Bosniak classification system is the only preoperative diagnostic tool that has proven its efficiency in the management of complex renal cystic masses. However, it is reader dependent, despite its clear definition of each category. The overall incidence of malignancy in each category did not change significantly over the past 20 years. Current limitations are interobserver variability among readers and a fact that a significant proportion of Bosniak III masses have benign character. The goal is to depict these masses preoperatively and spare the patients of unnecessary surgeries, which raises the question: What particular findings will help in differentiating a Bosniak IIF lesion from a Bosniak III lesion? Do we need to define critical variables that could improve accuracy of Bosniak classification by developing a future nomogram or risk calculator? Some radiologists and urologists erroneously tend to group Bosniak II and IIF in one category and observe them regularly. It seems that radiographic growth itself is insufficient factor for intervention. The change of internal architecture and presence of enhancement play the most important role in depicting malignant lesions during the time frame of active surveillance.
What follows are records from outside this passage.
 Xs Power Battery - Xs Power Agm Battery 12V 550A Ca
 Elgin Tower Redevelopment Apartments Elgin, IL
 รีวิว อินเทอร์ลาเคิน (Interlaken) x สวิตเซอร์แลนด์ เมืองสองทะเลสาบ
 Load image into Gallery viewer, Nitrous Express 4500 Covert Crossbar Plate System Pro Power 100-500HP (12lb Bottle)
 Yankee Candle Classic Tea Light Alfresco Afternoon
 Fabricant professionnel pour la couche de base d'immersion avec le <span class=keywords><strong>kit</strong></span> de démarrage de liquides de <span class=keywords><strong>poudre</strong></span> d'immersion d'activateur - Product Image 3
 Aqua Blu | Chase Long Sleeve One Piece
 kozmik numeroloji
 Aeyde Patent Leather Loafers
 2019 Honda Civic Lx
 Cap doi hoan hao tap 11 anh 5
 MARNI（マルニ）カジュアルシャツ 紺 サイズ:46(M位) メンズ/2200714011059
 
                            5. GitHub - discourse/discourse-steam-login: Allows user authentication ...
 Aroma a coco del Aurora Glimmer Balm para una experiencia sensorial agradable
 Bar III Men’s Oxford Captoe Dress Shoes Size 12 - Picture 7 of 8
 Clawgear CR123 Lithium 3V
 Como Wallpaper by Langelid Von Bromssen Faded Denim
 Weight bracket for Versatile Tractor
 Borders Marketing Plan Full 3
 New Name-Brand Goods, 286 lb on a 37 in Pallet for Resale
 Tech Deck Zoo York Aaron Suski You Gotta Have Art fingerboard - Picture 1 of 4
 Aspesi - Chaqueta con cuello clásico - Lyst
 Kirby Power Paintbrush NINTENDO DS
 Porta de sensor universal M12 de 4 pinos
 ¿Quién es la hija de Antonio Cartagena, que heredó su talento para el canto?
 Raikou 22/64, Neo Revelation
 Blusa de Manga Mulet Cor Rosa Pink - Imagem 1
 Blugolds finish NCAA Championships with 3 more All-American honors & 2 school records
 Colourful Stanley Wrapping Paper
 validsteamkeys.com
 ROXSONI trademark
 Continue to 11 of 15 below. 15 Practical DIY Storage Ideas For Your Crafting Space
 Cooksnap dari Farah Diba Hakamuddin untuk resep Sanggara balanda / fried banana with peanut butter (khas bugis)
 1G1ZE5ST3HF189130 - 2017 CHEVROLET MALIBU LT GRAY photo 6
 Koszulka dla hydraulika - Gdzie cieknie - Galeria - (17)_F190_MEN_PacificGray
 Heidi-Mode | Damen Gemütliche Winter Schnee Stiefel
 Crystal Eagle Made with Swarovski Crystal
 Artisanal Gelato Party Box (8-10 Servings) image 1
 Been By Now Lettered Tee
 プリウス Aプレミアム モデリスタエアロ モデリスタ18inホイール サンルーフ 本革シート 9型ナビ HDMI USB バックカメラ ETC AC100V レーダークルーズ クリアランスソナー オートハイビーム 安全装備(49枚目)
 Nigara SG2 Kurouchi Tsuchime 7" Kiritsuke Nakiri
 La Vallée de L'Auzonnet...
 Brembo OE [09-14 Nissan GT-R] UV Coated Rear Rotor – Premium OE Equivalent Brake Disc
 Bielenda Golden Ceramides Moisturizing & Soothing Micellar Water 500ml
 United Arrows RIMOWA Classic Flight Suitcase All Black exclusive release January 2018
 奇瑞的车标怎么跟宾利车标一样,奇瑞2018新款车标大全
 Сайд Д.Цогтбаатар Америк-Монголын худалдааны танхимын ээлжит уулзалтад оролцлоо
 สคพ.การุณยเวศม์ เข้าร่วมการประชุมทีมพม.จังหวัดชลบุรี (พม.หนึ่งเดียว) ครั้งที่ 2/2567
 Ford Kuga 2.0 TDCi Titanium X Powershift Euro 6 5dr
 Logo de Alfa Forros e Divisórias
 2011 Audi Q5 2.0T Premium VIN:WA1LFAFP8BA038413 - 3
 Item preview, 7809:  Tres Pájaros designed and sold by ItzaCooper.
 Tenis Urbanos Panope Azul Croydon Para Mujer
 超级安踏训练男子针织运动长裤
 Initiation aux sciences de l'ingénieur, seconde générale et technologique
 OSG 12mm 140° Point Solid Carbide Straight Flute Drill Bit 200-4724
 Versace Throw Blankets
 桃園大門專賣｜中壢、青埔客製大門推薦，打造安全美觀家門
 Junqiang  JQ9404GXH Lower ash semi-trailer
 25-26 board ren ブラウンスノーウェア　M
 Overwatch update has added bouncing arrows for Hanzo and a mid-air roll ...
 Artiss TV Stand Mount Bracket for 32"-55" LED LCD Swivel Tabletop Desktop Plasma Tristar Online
博斯尼亚克(Bosniak)分类系统是唯一一种经过验证可有效用于处理复杂肾囊性肿块的术前诊断工具。然而,尽管其对每个类别都有明确的定义,但该系统仍依赖于读者。在过去的 20 年中,每个类别的恶性肿瘤总发生率并没有显著变化。目前的局限性在于读者之间的观察者间变异性,以及事实上相当一部分博斯尼亚克 III 类肿块具有良性特征。目标是在术前对这些肿块进行描绘,避免患者接受不必要的手术,这就提出了一个问题:哪些特定的发现有助于将博斯尼亚克 IIF 病变与博斯尼亚克 III 病变区分开来?我们是否需要通过开发未来的列线图或风险计算器来定义关键变量,以提高博斯尼亚克分类的准确性?一些放射科医生和泌尿科医生错误地倾向于将博斯尼亚克 II 类和 IIF 类归为一类,并定期观察。似乎放射影像学上的生长本身并不是进行干预的充分因素。在主动监测的时间范围内,内部结构的变化和增强的存在在描绘恶性病变方面起着最重要的作用。